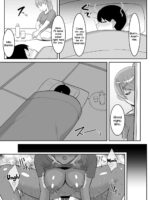 Oyaji No Saikon Aite Wa Sukidatta Boku No Osananajimi page 7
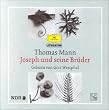Joseph und seine Br�der, 30 Audio-CDs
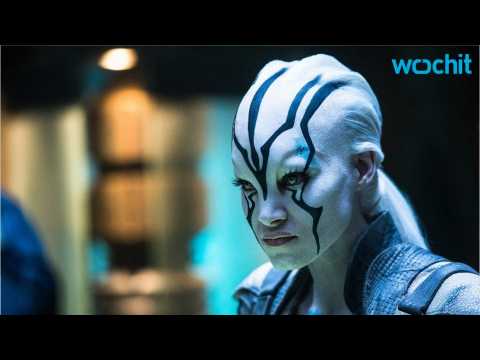 VIDEO : What Are Critics Saying About ?Star Trek Beyond??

+ + + + +

● **Activity**:
What is needed is an exact copy of the data, with the pictures removed.

● **Your response**:
 Oyaji No Saikon Aite Wa Sukidatta Boku No Osananajimi page 7
Joseph und seine Br�der, 30 Audio-CDs
 VIDEO : What Are Critics Saying About ?Star Trek Beyond??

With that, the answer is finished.